Les filaments de gaz et de poussière observés ici s’étendent sur plus de trois millions d’années-lumière, fournissent le carburant nécessaire à la formations d’étoiles – et à la croissance des trous noirs – dans le proto-cluster (un amas de galaxies primitif). « Ces filaments sont extrêmement longs, allant même au-delà du bord du champ que nous avons vu. Cela ajoute de la crédibilité à l’idée que ces structures alimentent les galaxies en matière », explique Hideki Umehat, de l’Université de Tokyo (Japon).

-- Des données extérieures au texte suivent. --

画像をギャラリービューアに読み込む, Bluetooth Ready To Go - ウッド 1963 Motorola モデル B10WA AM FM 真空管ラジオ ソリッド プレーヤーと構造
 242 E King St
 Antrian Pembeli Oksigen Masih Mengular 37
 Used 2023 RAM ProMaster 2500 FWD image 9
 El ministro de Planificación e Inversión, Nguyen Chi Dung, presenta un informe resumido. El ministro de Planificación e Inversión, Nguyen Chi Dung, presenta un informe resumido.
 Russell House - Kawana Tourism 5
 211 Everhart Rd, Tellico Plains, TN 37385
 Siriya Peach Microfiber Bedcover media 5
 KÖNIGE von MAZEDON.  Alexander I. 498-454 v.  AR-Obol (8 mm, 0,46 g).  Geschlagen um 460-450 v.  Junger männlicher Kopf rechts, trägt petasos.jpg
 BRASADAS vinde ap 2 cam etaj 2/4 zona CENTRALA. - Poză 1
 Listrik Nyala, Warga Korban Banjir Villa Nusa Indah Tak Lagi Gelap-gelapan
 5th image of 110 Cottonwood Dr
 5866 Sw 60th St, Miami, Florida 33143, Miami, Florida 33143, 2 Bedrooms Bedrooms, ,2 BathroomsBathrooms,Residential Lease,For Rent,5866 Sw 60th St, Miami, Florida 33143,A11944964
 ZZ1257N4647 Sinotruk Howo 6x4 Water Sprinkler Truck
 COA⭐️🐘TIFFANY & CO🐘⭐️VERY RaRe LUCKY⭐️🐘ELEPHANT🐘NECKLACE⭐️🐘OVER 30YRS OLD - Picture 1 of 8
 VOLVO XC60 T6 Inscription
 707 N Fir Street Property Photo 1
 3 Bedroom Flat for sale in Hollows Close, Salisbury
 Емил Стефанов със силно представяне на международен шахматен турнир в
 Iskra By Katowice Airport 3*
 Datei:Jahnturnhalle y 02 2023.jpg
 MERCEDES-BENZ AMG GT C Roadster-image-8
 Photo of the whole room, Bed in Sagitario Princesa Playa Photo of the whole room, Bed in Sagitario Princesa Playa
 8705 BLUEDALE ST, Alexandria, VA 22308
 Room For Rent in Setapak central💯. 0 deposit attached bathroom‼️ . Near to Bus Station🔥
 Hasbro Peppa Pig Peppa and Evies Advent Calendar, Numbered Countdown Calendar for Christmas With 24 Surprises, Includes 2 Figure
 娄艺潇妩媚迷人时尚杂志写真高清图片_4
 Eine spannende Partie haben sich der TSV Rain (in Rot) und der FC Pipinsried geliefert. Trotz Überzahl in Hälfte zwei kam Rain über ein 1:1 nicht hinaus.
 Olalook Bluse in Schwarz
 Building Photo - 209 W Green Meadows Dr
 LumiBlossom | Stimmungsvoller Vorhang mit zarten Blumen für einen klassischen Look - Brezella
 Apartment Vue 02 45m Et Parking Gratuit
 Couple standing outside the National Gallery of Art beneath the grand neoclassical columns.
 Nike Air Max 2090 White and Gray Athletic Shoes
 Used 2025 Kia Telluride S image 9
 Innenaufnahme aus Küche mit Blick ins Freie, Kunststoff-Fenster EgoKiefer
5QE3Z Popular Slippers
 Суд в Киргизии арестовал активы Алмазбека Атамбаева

« C’est vraiment très excitant de pouvoir observer clairement, et pour la première fois, ces filaments multiples et étendus dans l’Univers primitif, ajoute Michele Fumagalli, de l’Université de Durham (Royaume-Uni). Nous avons enfin un moyen de cartographier directement ces structures et de les comprendre en détail. Cela nous permettra de mieux appréhender la formation des galaxies ».

Ce n’est ici qu’une seule pièce du puzzle de l’Univers, « la partie émergée de l’iceberg », explique en effet Erika Hamden, de l’Université de l’Arizona (États-Unis). Mais pouvoir observer de nos propres yeux une partie de cette « toile cosmique » – longtemps restée à l’état de théorie – reste une expérience incroyable. « C’est assez sauvage, poursuit-elle. Vous regardez l’espace et vous pensez qu’il est vide, mais il ne l’est pas réellement. Il y a cette structure gigantesque et merveilleuse ».